Digitize your notes with the Azure Computer Vision READ API

This article refers to a previous version of the Azure Computer Vision service. Check out my post Extract text from images with Azure Computer Vision 4.0 Read OCR for the latest updates.

The Computer Vision service provides pre-built, advanced algorithms that process and analyze images and extract text from photos and documents (Optical Character Recognition, OCR). In the previous article, we explored the built-in image analysis capabilities of Azure Computer Vision.

In this article, we will explore the pre-trained models of Azure Computer Vision service for optical character recognition. We will build a simple Python notebook that turns your handwritten documents into digital notes. You will learn how to:

  • Provision a Computer Vision resource.
  • Use a Computer Vision resource to extract text from photos.

To complete the exercise, you will need to install:

  • Python 3,
  • Visual Studio Code,
  • Jupyter Notebook and Jupyter Extension for Visual Studio Code.

What is Optical Character Recognition?

The Azure Computer Vision OCR service can extract printed and handwritten text from photos and documents. The READ API uses the latest optical character recognition models and works asynchronously.
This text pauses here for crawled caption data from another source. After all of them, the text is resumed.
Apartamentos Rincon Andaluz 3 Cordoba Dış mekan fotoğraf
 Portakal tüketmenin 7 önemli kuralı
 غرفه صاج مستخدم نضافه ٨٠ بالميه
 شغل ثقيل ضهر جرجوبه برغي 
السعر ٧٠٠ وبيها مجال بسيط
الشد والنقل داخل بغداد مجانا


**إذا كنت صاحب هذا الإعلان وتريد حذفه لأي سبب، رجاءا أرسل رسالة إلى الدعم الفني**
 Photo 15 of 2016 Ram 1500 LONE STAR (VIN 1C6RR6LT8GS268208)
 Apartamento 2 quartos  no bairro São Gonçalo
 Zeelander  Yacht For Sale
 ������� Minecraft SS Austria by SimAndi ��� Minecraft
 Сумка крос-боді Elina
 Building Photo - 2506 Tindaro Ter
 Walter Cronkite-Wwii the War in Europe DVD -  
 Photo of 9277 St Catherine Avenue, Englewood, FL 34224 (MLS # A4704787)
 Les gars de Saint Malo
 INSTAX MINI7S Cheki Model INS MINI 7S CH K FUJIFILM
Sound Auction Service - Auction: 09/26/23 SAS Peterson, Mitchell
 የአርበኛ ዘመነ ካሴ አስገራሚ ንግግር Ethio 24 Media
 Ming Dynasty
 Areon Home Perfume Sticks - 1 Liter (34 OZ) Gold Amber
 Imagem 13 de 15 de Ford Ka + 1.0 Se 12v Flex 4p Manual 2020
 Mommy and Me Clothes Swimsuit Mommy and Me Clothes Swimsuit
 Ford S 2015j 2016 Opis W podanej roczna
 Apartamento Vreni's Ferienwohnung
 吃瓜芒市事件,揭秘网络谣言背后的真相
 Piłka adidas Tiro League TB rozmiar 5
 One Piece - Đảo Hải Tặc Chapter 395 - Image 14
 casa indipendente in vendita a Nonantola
This means that the READ operation requires a three-step process:

  • Submit an image to the Computer Vision service.
  • Wait for the analysis operation to complete.
  • Retrieve the results of the analysis.

Study the following sketch note to learn more about Optical Character Recognition with the Azure Computer Vision READ API.

Overview of the READ API sketch note
Azure Computer Vision: Overview of the READ API

You can find more information and how-to-guides about Computer Vision and Optical Character Recognition on Microsoft Learn and Microsoft Docs.

Create a Computer Vision Resource

To use the Computer Vision service, you can either create a Computer Vision resource or a Cognitive Services resource. If you plan to use Computer Vision along with other cognitive services, such as Text Analytics, you can create a Cognitive Services resource, or else you can create a Computer Vision resource.

In this exercise, you will create a Computer Vision resource.

  1. Sign in to Azure Portal and select Create a resource.

    Create a resource in Azure portal
  2. Search for Computer Vision and then click Create.

    Search for Computer Vision
  3. Create a Computer Vision resource with the following settings:

    • Subscription: Your Azure subscription.
    • Resource group: Select an existing resource group or create a new one.
    • Region: Choose any available region, for example North Europe.
    • Name: This would be your custom domain name in your endpoint. Enter a unique name.
    • Pricing tier: You can use the free pricing tier (F0) to try the service, and upgrade later to a paid tier.
    Create a Computer Vision resource
  4. Select Review + Create and wait for deployment to complete.

  5. Once the deployment is complete, select Go to resource. On the Overview tab, click Manage keys. Save the Key 1 and the Endpoint. You will need the key and the endpoint to connect to your Computer Vision resource from client applications.

    Manage Keys and Endpoint

Install the Computer Vision library

Install the Azure Cognitive Services Computer Vision SDK for Python package with pip:

1
pip install azure-cognitiveservices-vision-computervision

Create a new Python Notebook

Create a new Jupyter Notebook, for example image-analysis-demo.ipynb and open it in Visual Studio Code or in your preferred editor.

Want to view the whole notebook at once? You can find it on GitHub.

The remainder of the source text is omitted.